But prisoners are often placed two to a cell because of overcrowding, prompting complaints from both inmates and guards about conditions there. 

Last November, an unnamed guard sent an email to the provincial New Democrats to say there were too few guards at the jail when inmates in two rooms refused to comply with a lockdown, then proceeded to trash one of the rooms and assault another inmate. 

Thirteen guards had to be called in from home and from other parts of the facility to deal with the incident, the email said. 

Before the disturbance on Wednesday, Justice Department officials said they are working to fill a number of positions at the jail, where the majority of adult offenders in the province are held. 
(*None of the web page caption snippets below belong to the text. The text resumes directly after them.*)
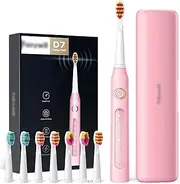 Sonic Electric Toothbrush, 5 Modes, 2 Minute Timer, 30 Day Life, 8 Replaceable Brush Heads, Black/Pink (Pink,B)
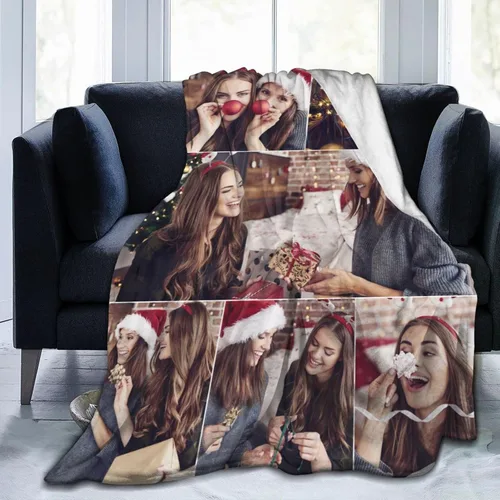 Vista 13 de Manta personalizada con fotos, texto, manta personalizada de collage de fotos, manta de franela personalizada, ropa de cama de cumpleaños, Navidad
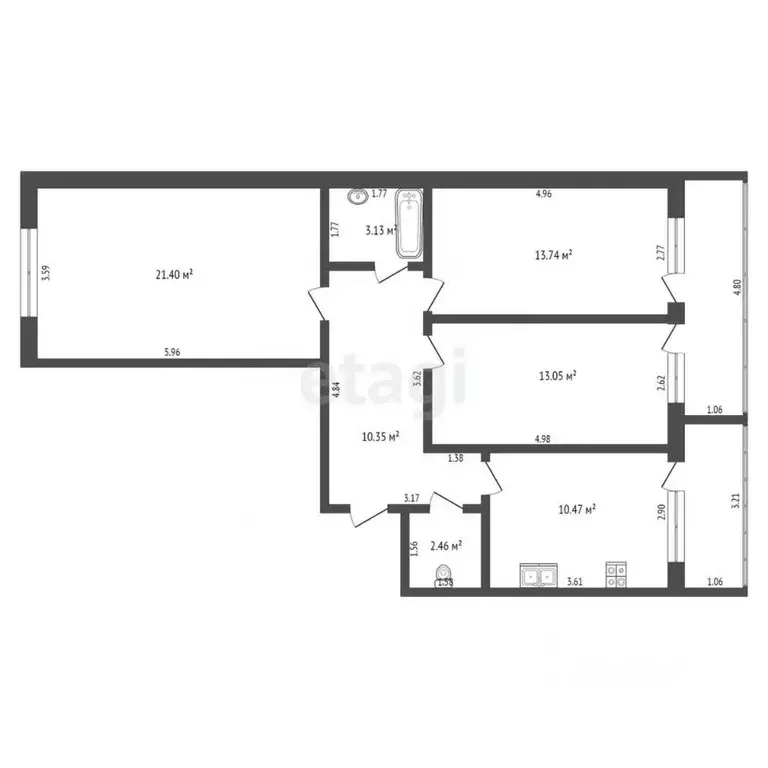 3-к кв. Ульяновская область, Ульяновск Кольцевая ул., 8А (77.8 м) - Фото 1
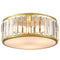 Modern Crystal Flush Mount Gold 3-Light Ceiling Light Fixture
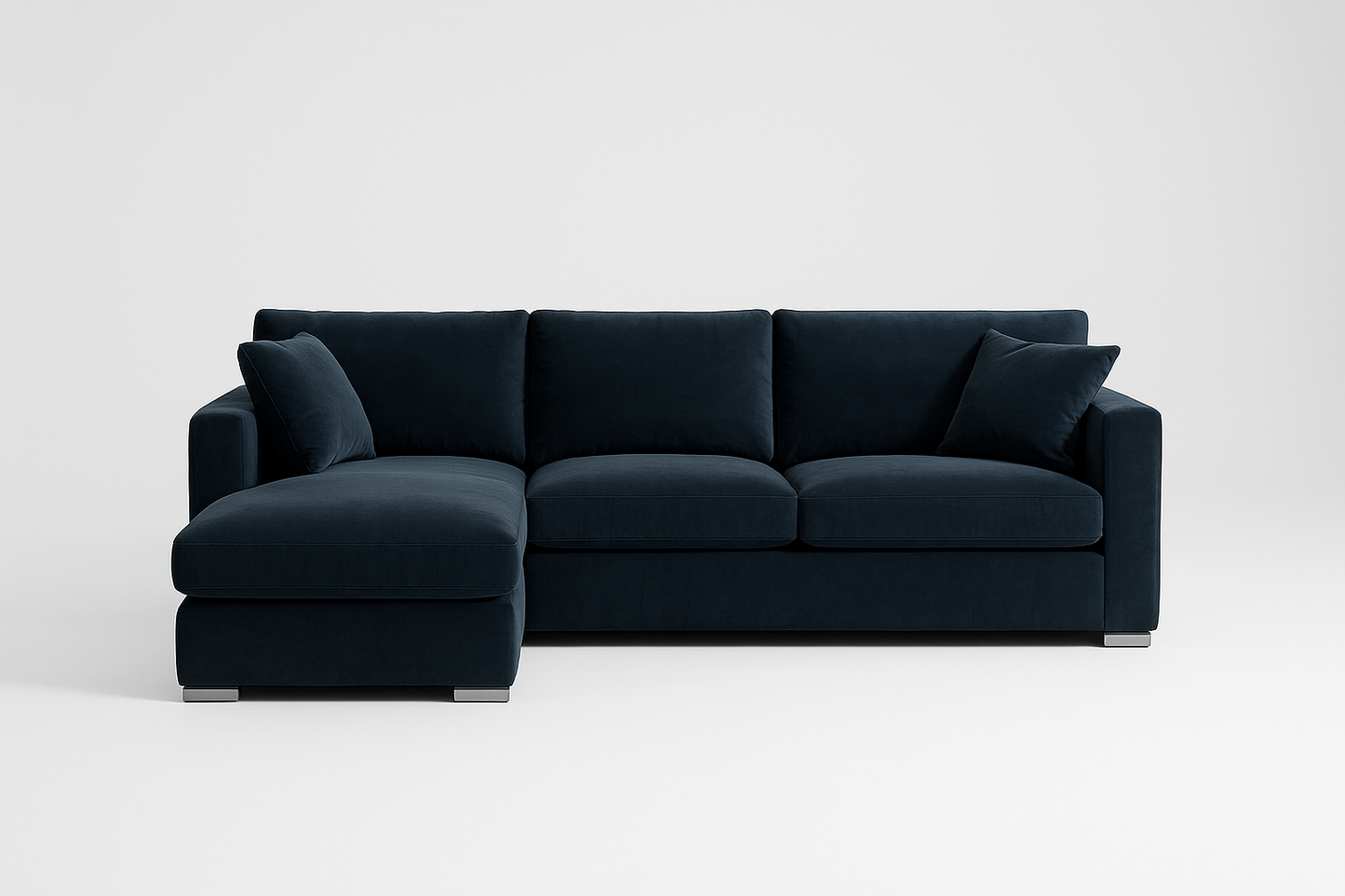Navy Velvet L Shape Sofa UK – Luxury Plush Corner Sofa with Left Hand Chaise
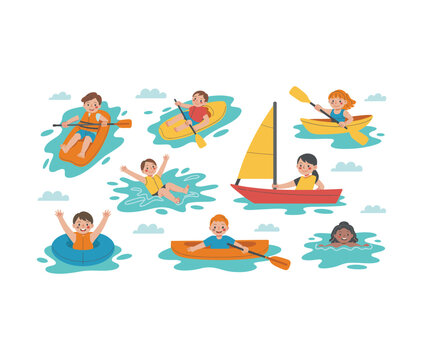 Children enjoying summer water activities with kayaking, swimming, boating and outdoor recreation illustration collection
Two correctional officers and a supervisor have already been added to that facility's admissions and discharge area, and some part-time workers are being elevated to full time.


----------



## Pelorus (8 Apr 2009)

Seems like the Nova Scotia justice system is just having all sorts of problems these days.


----------



## Fishbone Jones (8 Apr 2009)

Move them all out into the yard, with no protection from the weather, until repairs are done. Blue rockets and plastic water cans only. Oh, and take away the fucking basketballs, they don't work


----------



## Bruce Monkhouse (8 Apr 2009)

If one ever needs to gauge the stupidity of inmates just think about lighting a fire in an area that you have zero control over whether you can leave or not.......


----------